Rolls-Royce says the new vessels will be distinguishable no matter what the vessel type. Image credit: Rolls-Royce

Ship designers at Rolls-Royce have unveiled what the company describes as a radical overhaul of its vessel design philosophy aiming to optimize vessel construction and operations without sacrificing space on board.

In the process, the new unified designs will also ensure that a Rolls-Royce-designed vessel, whether it’s an offshore support vessel or expedition cruise ship, will be instantly recognizable world-wide.

“The new design incorporates four key features in each design,” Rolls-Royce explains. “These are a knuckle line that slopes down towards the bow and links the new designs with older UT and NVC designs. A vertical side area and vertical upper stem which simplify the design and decouples the hull form from the superstructure. The vessels will also have a topside sheer line with a small convex curvature. These features will be present in all the designs in some form but can be modified depending on the ship type.”

Rolls-Royce noted that certain ship types may require more design modifications than others, and Rolls-Royce naval architects will have the freedom to adjust and apply certain designs to suit each particular vessel as long as they incorporate the four ‘must use’ elements.

Martijn de Jongh, Rolls-Royce Chief Designer – Marine, said: “Less is often more in ship design and while the new elements have been devised to ensure every Rolls-Royce ship is built for optimum performance and functionality, they will be distinguished by their clear angles, clean shapes and faces. We have evaluated the profile of the vessels to omit any unnecessary aspects, like excessive large windage areas, for instance. They will be easier to build as well.”

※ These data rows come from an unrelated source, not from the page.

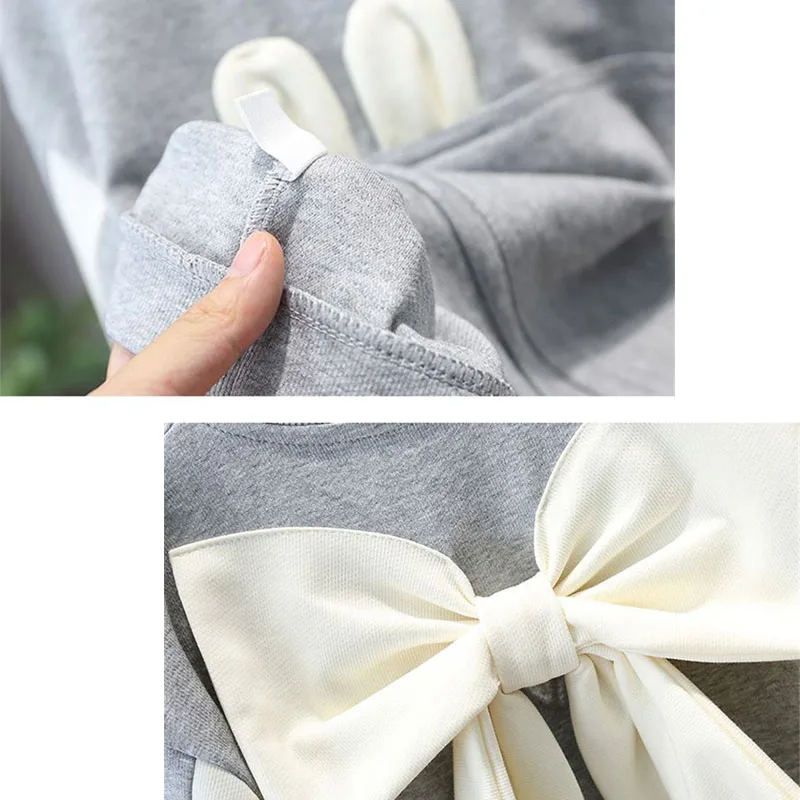 Conjuntos de moda con lazo para niños - Imagen 6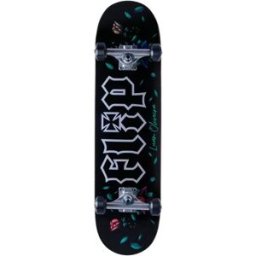 Flip Oliveira Garden Pro Complete Skateboard (Garden) - Black;White;Green - Size: 8
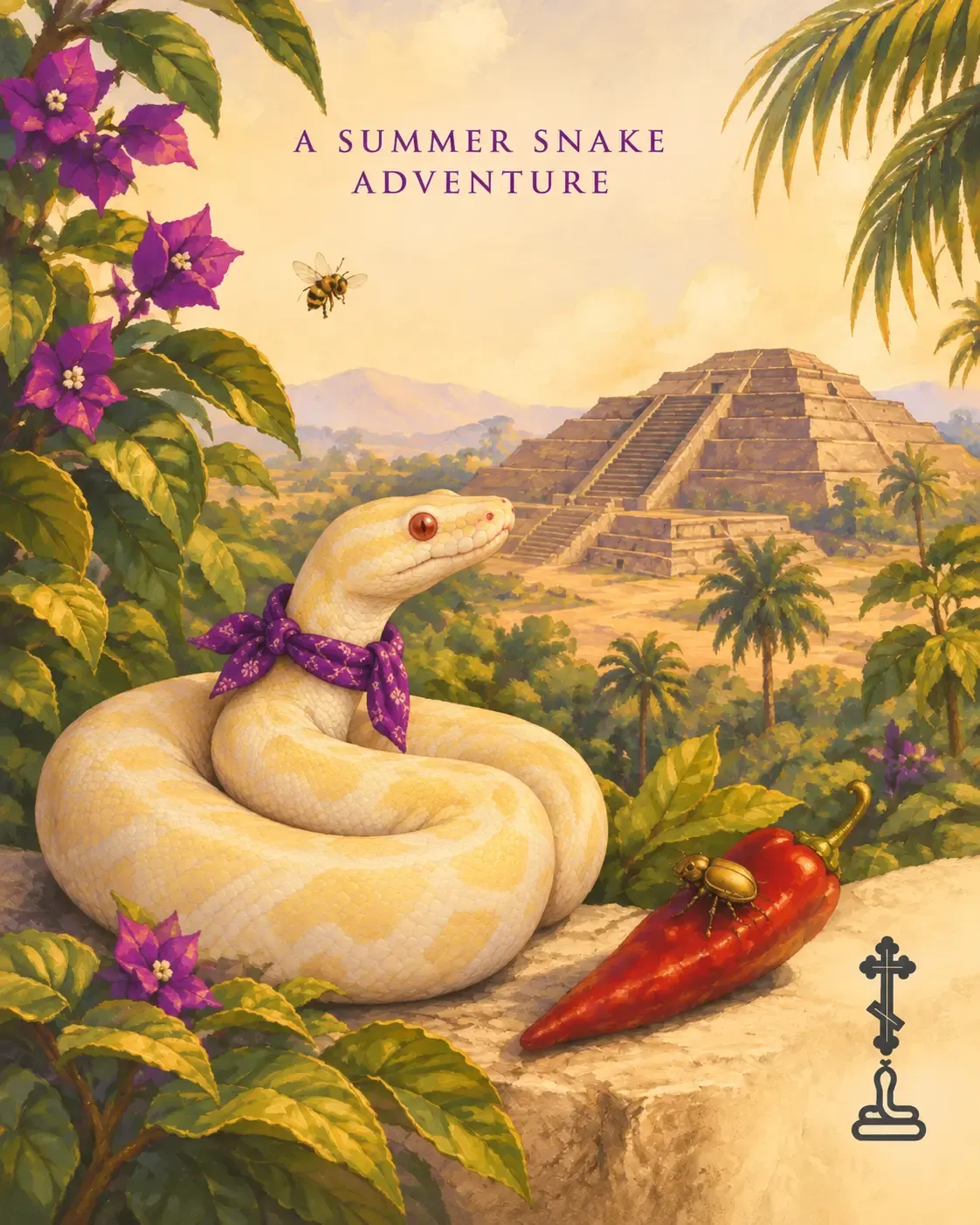 Sweet Potato on a Mexican Vacay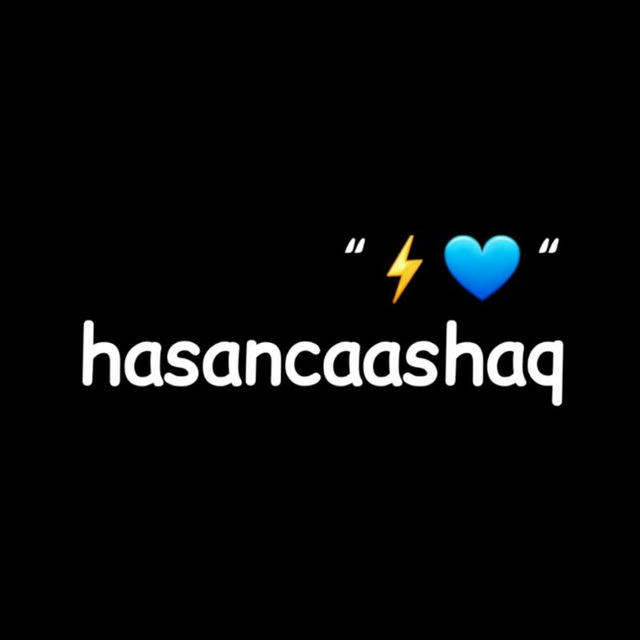 Hasan Caashaq ᥫ᭡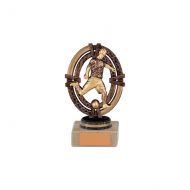 Maverick Legend Football Trophy Award Player Bronze 125mm
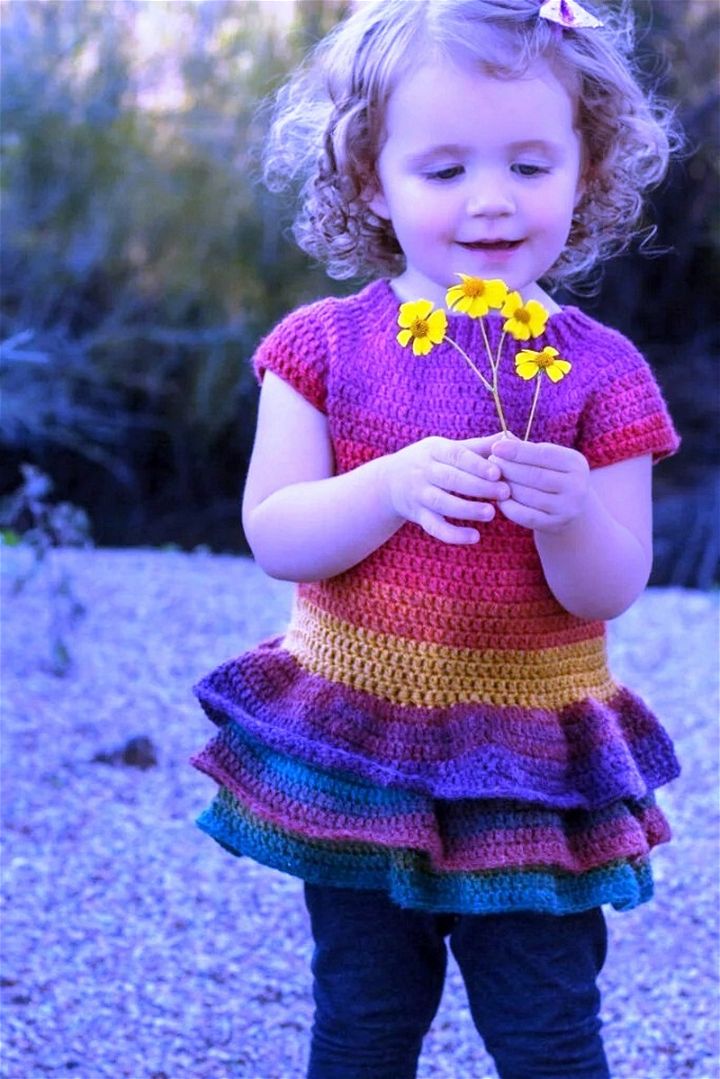 Easy Toddler Crochet Sweater Pattern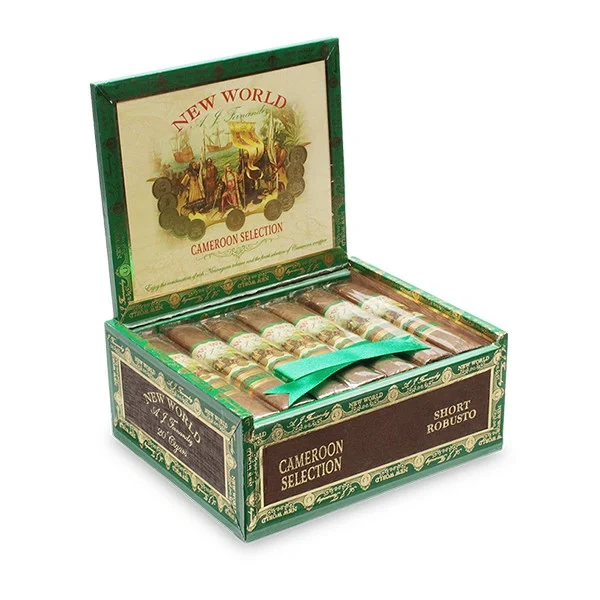 AJ Fernandez AJ費爾南德斯 New World Cameroon Short Robusto 新世界喀麦隆短罗布图 20支/盒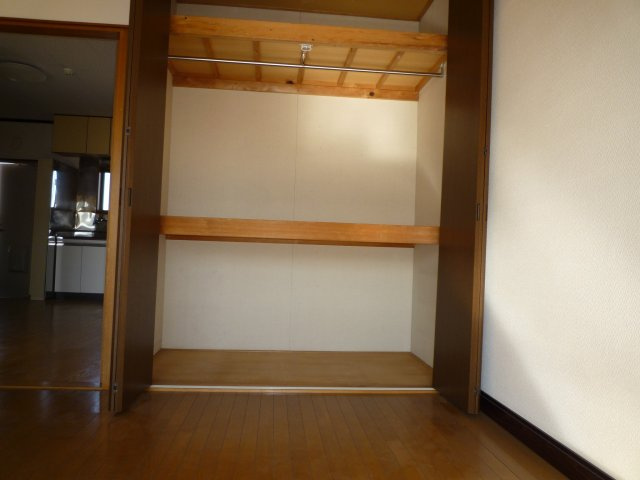 メゾンKの収納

A major feature of the approach is the decoupling of the hull design from the superstructure and other design elements, giving designers and naval architects significantly more flexibility, according to Rolls-Royce. This minimizes complex double curvature plating, common to many vessels, which is difficult and time-consuming to fabricate. The use of flat plate or single curvature plating will be increased, simplifying construction and reducing build time.

Depending on the vessel type and operational and construction requirements, the forward topside will be based on five distinct hull forms, which will allow the designs to be applied across a range of vessels from offshore vessels involved in subsea work in harsh environments to expedition cruise ships. “All will have a canopied superstructure featuring a curved front with the bottom edge of the bridge wings and windows leaning down towards the bow to create a continuous line flowing into the bow,” said Rolls-Royce.

So far a number of vessels designed in accordance with the new guidelines have been ordered and are now under construction. In fact a UT 540 windfarm vessel due for delivery from Spain’s Gondon shipyard in October is typical of how the new family of UT vessels will look, Rolls-Royce says.